[Data provided — start]

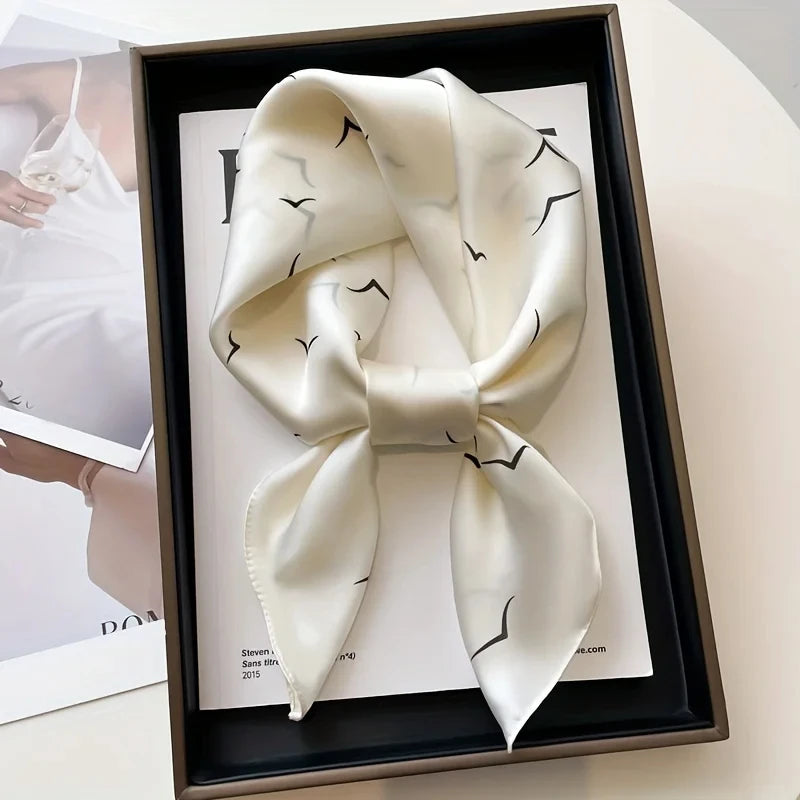 Elegant silk-feel scarf featuring intricate patterns, used as a headband or hair accessory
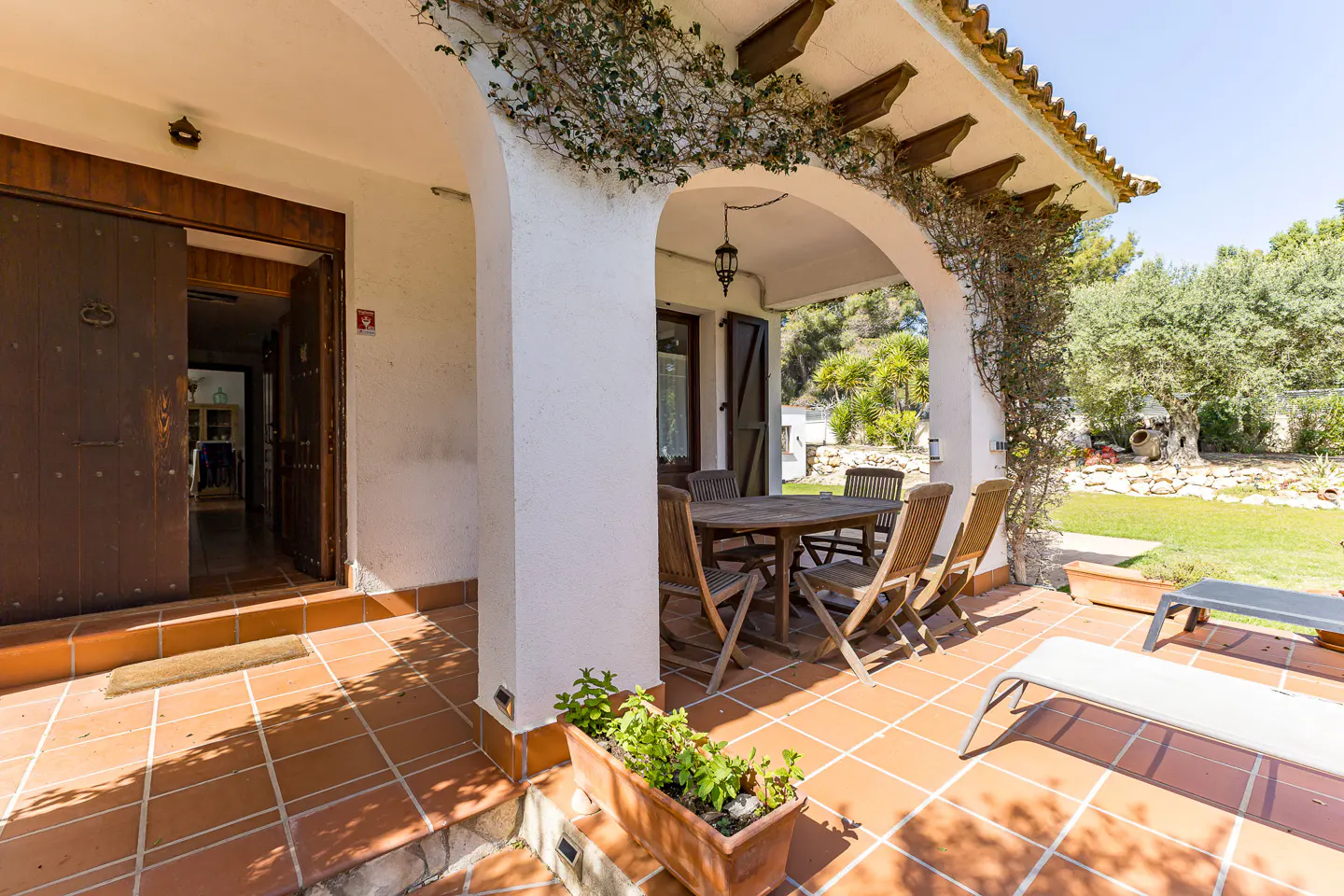 Exterior view of a Spanish-style home with a terracotta-tiled patio, wooden table and chairs, and a garden with trees.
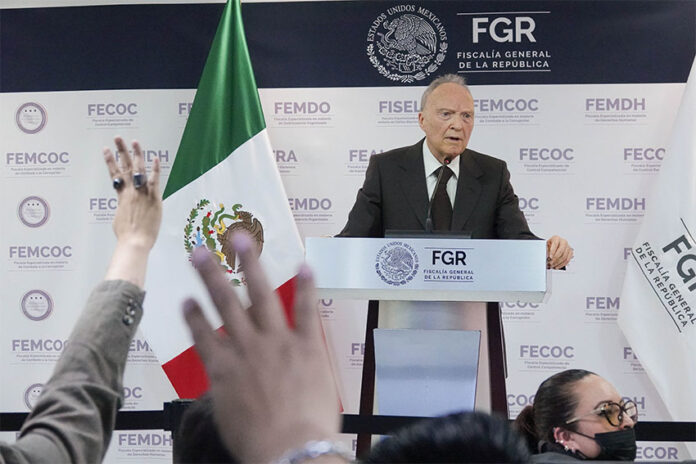 Attorney General Alejandro Gertz Manero stands at a podium giving a report on the Jalisco extermination camp case, next to a Mexican flag as reporters raise their hands in the foreground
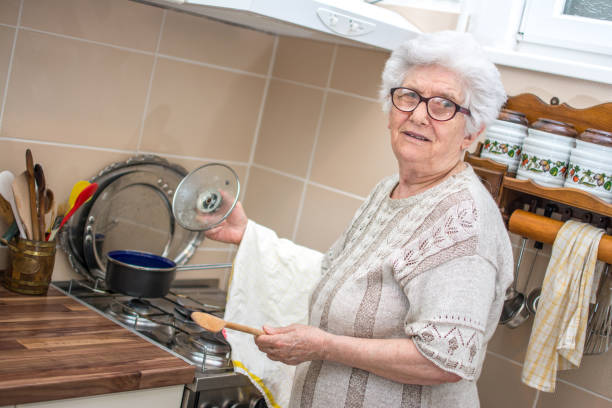istock Smiling grandmother cooking in the kitchen. 927056940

[Data provided — finish]

### Exercise description
Exactly reproduce the lines that run from the first line of the listing above to the line containing "Exterior view of", including both; omit the pictures.

### Exercise result
 Elegant silk-feel scarf featuring intricate patterns, used as a headband or hair accessory
 Exterior view of a Spanish-style home with a terracotta-tiled patio, wooden table and chairs, and a garden with trees.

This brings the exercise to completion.